→ Exercise directions:
Could you set down exactly the lines of the data below, starting at the one that holds "Wood Wall Decor" and ending at the one that holds "Набір 19. Сильний", both included, and only those?

=== Section Start ===

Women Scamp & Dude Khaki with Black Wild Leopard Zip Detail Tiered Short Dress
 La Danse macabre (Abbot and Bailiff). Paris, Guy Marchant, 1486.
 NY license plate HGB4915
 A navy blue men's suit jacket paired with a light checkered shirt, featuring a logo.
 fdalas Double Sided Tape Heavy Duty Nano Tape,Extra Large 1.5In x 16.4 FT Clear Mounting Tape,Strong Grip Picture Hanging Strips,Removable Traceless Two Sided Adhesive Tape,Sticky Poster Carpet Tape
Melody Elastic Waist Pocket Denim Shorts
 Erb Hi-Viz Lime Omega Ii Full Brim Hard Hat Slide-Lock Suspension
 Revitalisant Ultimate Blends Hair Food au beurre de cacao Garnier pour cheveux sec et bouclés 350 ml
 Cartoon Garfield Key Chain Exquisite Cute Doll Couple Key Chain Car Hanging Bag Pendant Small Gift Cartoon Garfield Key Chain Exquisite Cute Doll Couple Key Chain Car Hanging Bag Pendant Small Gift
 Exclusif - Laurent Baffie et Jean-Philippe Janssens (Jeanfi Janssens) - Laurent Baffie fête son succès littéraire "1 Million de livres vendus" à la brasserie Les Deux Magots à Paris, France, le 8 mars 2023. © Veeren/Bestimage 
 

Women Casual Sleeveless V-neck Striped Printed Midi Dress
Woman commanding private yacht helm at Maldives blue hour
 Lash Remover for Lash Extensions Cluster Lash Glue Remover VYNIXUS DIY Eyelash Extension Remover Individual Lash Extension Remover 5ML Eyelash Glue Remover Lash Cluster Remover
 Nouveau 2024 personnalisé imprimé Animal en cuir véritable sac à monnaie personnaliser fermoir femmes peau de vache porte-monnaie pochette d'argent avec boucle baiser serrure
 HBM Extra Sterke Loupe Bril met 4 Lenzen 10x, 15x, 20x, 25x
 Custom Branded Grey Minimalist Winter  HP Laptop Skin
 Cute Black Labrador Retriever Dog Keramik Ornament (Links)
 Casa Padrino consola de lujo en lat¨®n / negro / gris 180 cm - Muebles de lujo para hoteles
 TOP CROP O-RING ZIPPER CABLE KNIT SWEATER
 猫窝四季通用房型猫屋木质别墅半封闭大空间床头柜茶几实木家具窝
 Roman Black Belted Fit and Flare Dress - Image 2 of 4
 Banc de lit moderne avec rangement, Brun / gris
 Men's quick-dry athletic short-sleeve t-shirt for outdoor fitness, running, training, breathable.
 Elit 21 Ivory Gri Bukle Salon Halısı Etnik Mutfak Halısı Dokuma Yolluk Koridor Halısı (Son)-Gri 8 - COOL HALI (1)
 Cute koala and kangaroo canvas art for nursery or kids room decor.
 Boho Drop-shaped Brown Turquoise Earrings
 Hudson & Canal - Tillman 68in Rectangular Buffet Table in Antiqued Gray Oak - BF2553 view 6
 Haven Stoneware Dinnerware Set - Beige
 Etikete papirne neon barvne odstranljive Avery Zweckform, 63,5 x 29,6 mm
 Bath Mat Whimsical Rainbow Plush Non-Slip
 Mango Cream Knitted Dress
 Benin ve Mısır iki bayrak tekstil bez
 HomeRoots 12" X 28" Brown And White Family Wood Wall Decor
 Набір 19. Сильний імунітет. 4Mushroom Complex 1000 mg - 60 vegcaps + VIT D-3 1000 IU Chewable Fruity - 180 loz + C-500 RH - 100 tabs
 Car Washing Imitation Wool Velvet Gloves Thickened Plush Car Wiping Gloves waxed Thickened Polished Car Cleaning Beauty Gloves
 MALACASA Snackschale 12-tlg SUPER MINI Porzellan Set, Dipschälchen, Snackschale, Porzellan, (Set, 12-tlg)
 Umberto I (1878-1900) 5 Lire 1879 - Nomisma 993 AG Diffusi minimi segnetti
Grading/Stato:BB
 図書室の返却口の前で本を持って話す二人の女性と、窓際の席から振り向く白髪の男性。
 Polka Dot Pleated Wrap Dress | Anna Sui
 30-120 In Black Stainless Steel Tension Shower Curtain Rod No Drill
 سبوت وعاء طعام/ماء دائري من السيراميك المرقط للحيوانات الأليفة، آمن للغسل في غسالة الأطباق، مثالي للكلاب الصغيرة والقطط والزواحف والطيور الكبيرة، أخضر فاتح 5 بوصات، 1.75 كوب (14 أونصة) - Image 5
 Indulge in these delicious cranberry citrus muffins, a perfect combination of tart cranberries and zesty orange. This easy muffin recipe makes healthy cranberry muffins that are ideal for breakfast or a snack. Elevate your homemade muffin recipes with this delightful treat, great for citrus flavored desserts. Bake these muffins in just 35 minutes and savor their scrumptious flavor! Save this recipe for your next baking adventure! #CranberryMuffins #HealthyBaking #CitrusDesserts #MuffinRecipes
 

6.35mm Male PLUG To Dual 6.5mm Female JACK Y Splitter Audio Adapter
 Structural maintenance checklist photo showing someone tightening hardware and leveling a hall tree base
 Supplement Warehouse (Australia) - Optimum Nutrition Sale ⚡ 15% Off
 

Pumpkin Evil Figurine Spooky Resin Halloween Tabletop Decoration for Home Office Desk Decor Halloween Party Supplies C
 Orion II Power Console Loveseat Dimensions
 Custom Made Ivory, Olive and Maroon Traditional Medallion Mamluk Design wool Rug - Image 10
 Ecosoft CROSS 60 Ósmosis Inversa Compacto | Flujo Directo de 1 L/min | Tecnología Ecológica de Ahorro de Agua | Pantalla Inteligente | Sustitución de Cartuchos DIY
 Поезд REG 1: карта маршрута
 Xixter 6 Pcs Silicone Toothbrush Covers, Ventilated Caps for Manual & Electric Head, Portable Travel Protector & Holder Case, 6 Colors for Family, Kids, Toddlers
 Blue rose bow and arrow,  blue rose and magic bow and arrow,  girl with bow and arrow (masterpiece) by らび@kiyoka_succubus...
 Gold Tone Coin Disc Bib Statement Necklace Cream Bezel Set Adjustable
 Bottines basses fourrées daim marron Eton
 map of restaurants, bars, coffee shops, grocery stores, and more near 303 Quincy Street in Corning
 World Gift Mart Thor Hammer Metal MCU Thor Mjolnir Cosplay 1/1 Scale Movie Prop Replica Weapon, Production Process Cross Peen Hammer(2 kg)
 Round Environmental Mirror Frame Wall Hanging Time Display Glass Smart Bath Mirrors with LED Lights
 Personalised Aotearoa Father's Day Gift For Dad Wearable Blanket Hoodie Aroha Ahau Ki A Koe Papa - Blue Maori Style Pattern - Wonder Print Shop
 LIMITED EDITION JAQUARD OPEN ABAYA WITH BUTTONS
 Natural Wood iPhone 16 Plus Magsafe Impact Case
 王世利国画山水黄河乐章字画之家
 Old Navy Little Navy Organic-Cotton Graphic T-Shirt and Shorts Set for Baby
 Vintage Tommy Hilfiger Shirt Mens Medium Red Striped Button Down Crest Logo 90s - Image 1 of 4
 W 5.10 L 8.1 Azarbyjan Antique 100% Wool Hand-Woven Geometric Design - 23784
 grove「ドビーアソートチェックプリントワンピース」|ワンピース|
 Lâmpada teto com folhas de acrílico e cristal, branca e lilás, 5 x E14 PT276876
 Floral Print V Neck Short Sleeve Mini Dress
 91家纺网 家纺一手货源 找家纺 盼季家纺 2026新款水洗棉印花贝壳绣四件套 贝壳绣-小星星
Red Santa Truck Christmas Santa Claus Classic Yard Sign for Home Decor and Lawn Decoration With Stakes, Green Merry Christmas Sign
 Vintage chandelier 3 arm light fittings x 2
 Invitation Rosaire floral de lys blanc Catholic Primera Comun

=== Section End ===

→ Completed exercise:
 HomeRoots 12" X 28" Brown And White Family Wood Wall Decor
 Набір 19. Сильний імунітет. 4Mushroom Complex 1000 mg - 60 vegcaps + VIT D-3 1000 IU Chewable Fruity - 180 loz + C-500 RH - 100 tabs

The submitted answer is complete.